Saturday, August 20, 2022

Book Reviews: 2034-A Novel Of The Next World War

2034-A Novel Of The Next World War
by Elliot Ackerman and Admiral James Stavridis
Speaker of the House, Representative Nancy Pelosi, recently led a delegation of US politicians to Taiwan. China, which views Taiwan as a rebel province in need of forcible reunification, lost its collective s***. 

China issued many poorly worded ridiculous sounding threats (that I must assume sounded more menacing in Mandarin instead of the bad Bond movie villain speak that the English translations invoked) against Representative Pelosi in particular and the US in general. 

One official government Chinese paper (not that the Chinese have independent media) suggested that China should shoot down Pelosi's flight. 

When Pelosi completed her trip the Chinese threw a more dangerous temper tantrum, putting in a near blockade of Taiwan and holding multiple days of live fire exercises that involved lobbing missiles over Taiwan and into Japanese territorial waters.

China also reduced communications with the US, sanctioned Pelosi and her associates, and issued ominous statements about how upset they were and that real soon people (read the US) would regret messing with them. 

The last war that China fought was in 1979 against Vietnam.

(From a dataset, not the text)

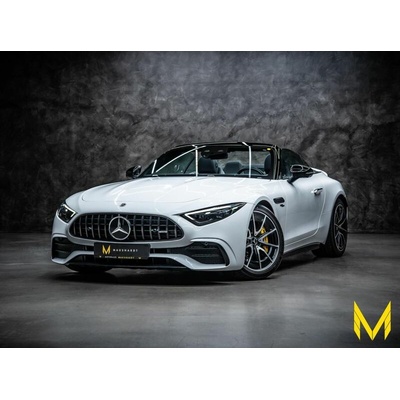 Mercedes-Benz SL 43 AMG 280 kW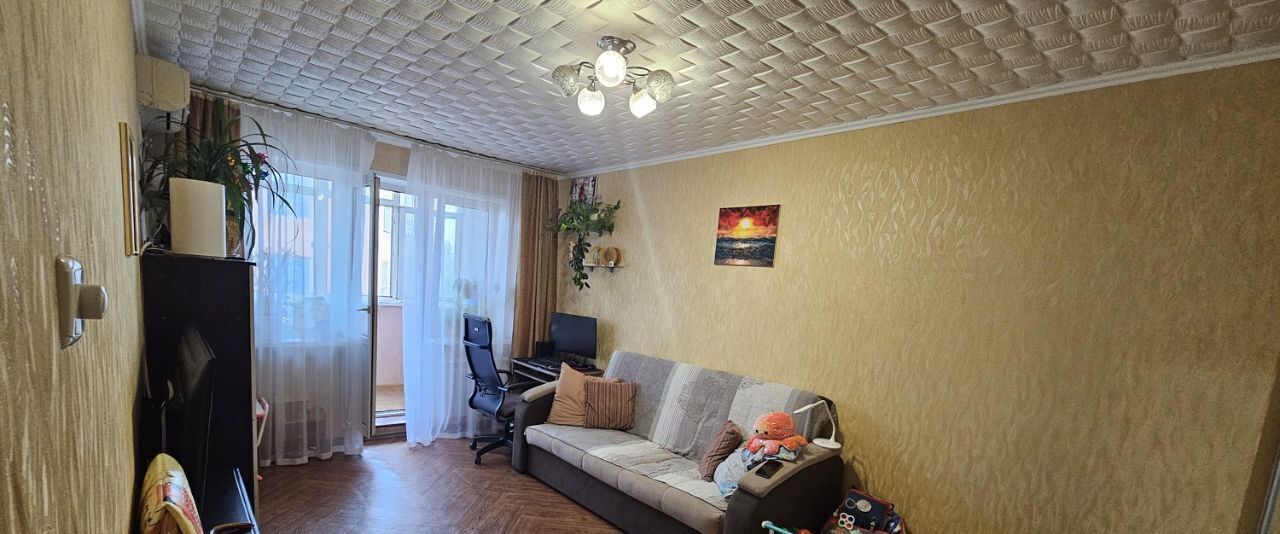 квартира г Керчь ул Фурманова 6а фото 6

The Chinese didn't win.

The only violence the Chinese military excels at is internal repression of Chinese citizens subjects and Uighurs or Tibetans. Arresting outnumbered unarmed men and sexually assaulting their women is less dangerous than fighting people who will shoot back.

However, Chinese national belligerence, superiority complex, naval capacities, and revanchist attitudes have only been increasing over the past four decades. 2034 imagines the time when the Chinese dragon feels confident enough to start a shooting war with the American eagle. 

In March, 2034 China suckers the US into a confrontation in the South China sea, one that China wins. China launches its long delayed invasion of Taiwan. Using allied nations China also starts conflicts in the Middle East. 

So China and the US are at war. 

And to its surprise and dismay the US discovers that transferring all that technical knowhow to China might not have been the best idea. The story is told through the POV of a US naval commodore, a US Marine pilot, a US National Security operative, a Chinese admiral, and an Iranian general/intelligence operative.

The story is interesting. Both authors are military men, combat veterans, and political operatives so presumably they accurately depict naval or combat life and the backstabbing inherent in office situations. I liked that.

But I thought the POV were too limited. We see the war's impact on the named people but little on the numerous "nobodies" in both countries and their reactions. How would Americans deal with war's devastation? What happens to the world economy when the two richest nations are at war?

American corporations in China would have to choose a side. What would they do? Would Chinese-Americans be interned? Would there be a rise in nativism in both nations? 2034 skips over all that. Ok read but I wanted more.